M. Lacépède, sénateur. Des orateurs éloquents viennent d'exprimer des sentiments que nous éprouvons tous. Ils ont émis des vœux que chacun de nous a formés.

Pourquoi viens-je donc, sénateurs, suspendre les effets de votre dévouement, de votre gratitude, et de votre admiration?

Une grande objection a combattu longtemps, dans ma pensée, le vœu qui vient de vous être présenté.

Elle pourrait arrêter le suffrage de plusieurs de mes collègues.

J'ai cru de mon devoir d'y répondre.

On demande, de toutes parts, que l'on élève des

monuments, et que l'on prépare des pompes triomphales pour le plus grand des héros.

Qui les à mieux mérités que Napoléon ? Mais, ajoutera-t-on, pourquoi les décerner?
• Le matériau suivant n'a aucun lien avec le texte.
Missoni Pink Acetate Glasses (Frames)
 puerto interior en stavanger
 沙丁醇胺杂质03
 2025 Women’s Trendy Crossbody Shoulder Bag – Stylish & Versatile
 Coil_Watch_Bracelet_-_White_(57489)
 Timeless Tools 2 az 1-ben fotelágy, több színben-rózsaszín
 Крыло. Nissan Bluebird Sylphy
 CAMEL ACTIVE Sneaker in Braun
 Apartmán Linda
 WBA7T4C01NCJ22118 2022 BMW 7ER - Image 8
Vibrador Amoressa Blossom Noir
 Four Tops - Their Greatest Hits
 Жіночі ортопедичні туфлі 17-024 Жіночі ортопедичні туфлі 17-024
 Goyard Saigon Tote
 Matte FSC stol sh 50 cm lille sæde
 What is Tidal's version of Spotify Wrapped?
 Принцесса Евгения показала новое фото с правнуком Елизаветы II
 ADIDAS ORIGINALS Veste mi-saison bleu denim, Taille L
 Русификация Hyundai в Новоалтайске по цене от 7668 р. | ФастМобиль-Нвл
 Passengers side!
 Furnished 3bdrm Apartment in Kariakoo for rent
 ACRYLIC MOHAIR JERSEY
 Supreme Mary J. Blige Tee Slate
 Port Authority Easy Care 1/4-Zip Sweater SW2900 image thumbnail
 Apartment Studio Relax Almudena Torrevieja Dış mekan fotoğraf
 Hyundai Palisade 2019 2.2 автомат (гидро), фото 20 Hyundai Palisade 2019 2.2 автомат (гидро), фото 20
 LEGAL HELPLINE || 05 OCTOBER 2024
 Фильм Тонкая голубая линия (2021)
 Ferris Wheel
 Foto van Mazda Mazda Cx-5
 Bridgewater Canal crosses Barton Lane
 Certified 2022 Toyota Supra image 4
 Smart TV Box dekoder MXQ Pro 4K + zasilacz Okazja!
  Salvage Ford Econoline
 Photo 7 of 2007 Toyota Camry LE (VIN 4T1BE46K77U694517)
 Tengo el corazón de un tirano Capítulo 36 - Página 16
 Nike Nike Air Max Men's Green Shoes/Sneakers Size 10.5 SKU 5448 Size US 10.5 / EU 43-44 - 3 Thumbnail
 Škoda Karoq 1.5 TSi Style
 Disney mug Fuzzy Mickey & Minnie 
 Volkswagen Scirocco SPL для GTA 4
Quels monuments, quels triomphes manquent à sa gloire?

Il a couvert le monde de ses trophées.

Le Pô, le Tésin, l'Adda, le Mincio, l'Adige, le Nil, les antiques pyramides des sables brûlants de l'Egypte, les rives du Jourdain, la cité Africaine qui vit triompher Alexandre et César, les Alpes, dont le passage aurait seul immortalisé Annibal et Charlemagne, les champs de Marengo, où le génie des batailles déploya toute sa puissance; et pour ne parler que de ce petit nombre de jours dont l'Empereur a fait de longs siècles de gloire, les hauteurs d'Ulm, l'Iller, le Danube, l'Iser, les monts escarpés du Tyrol, l'Inn, la Drave, la Teya, et ce plateau d'Austerlitz, illustré à jamais par le bivouac du plus grand des capitaines, ne sont-ils pas, pour les prodiges de Napoléon, des témoins impérissables comme la nature?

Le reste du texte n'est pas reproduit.